As you will all have noticed, the server has been increasingly unstable lately and finally came to a point where it wouldn’t even stay alive for a day. Clearly not viable and very frustrating.
It was time to try something new, so I decided to spend some down time experimenting with kernels. However, I was unable to even finish compiling a kernel before it crashed again. Because I was now using a local console, I started spotting an odd “Disabling Interrupt #185” line being emitted shortly before every crash. Sitting just beside the server also allowed me to hear the faint click-click of a harddisk being reset, so the obvious conclusion was that this might be hardware related after all.

So, I pulled out the Promise controller used for the RAID array, which has been offline for a while anyway. I was instantly able to finish the kernel compilation, and the “would not last an hour”-kernel has now been operating for a whooping 3 hours.

This makes me hopeful that the cause for the instability problems finally has been located, and that brighter days lie ahead.

I’ll keep you updated, but right now I’m off to find a replacement for the defunct controller card..

Yet Another Kernel Crash

Linux crashed again – and I hit the reset button at 5:30 am on my way out of the door for two days.

Unfortunately, Gentoo seems to be loading modules in a weird way (that is, not in the order in which they are listed in the modules.autoload files, which is how it used to be), because the network interface cards got switched again. So despite the server actually coming back up at 5:35, I wasn’t able to replug the network cables until I got back. Sorry all for the inconvenience.
I am actually considering dumping the entire setup – it’s no fun running an ill-behaved server. I’ve upgraded to the latest kernel and VServer 2.1.0 final – lets see if that is able to stay alive for more than a few days.

Another kernel oops

I believe it is time to get rid of ReiserFS on the server. It seems that all of the recent crashes have been in the reiserfs_clear_inode method, and it’s the only hint I’m able to extract from the kernel dumps as to what could be wrong. ReiserFS used to be very fast and rock stable (even on 64-bit), so I’m surprised it has devolved again. However, now that Hans Reiser looks set to spend 20 years behind bars (for the alleged murder of his wife), one might as well smell the coffee and move to a more reliable alternative.

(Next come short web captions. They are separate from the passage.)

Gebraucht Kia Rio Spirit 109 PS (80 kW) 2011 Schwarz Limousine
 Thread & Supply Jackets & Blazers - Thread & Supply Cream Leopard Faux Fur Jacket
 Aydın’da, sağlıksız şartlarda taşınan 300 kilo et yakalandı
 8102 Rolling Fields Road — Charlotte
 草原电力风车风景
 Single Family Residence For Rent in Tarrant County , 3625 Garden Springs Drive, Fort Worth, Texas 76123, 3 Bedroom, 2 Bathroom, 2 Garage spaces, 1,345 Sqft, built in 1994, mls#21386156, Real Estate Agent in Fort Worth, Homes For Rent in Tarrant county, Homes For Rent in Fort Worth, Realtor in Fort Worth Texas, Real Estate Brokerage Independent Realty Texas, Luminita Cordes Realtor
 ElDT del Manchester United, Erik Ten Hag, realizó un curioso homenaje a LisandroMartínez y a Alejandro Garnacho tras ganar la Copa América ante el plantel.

Nov 9 03:10:47 harmony Unable to handle kernel NULL pointer dereference at 0000000000000001 RIP:
Nov 9 03:10:47 harmony {reiserfs_clear_inode+63}
Nov 9 03:10:47 harmony PGD 14d10067 PUD 6d6d7067 PMD 0
Nov 9 03:10:47 harmony Oops: 0002 [1]
Nov 9 03:10:47 harmony Pid: 152[#0], comm: kswapd0 Not tainted #2
Nov 9 03:10:47 harmony RIP: 0010:[] {reiserfs_clear_inode+63}

Nov 9 10:06:36 harmony Memory: 3025952k/3145408k available (2311k kernel code, 118568k reserved, 854k data, 168k init)
So, the server was offline for roughly 7 hours this time. Clearly not the stability one was used to from Linux :-(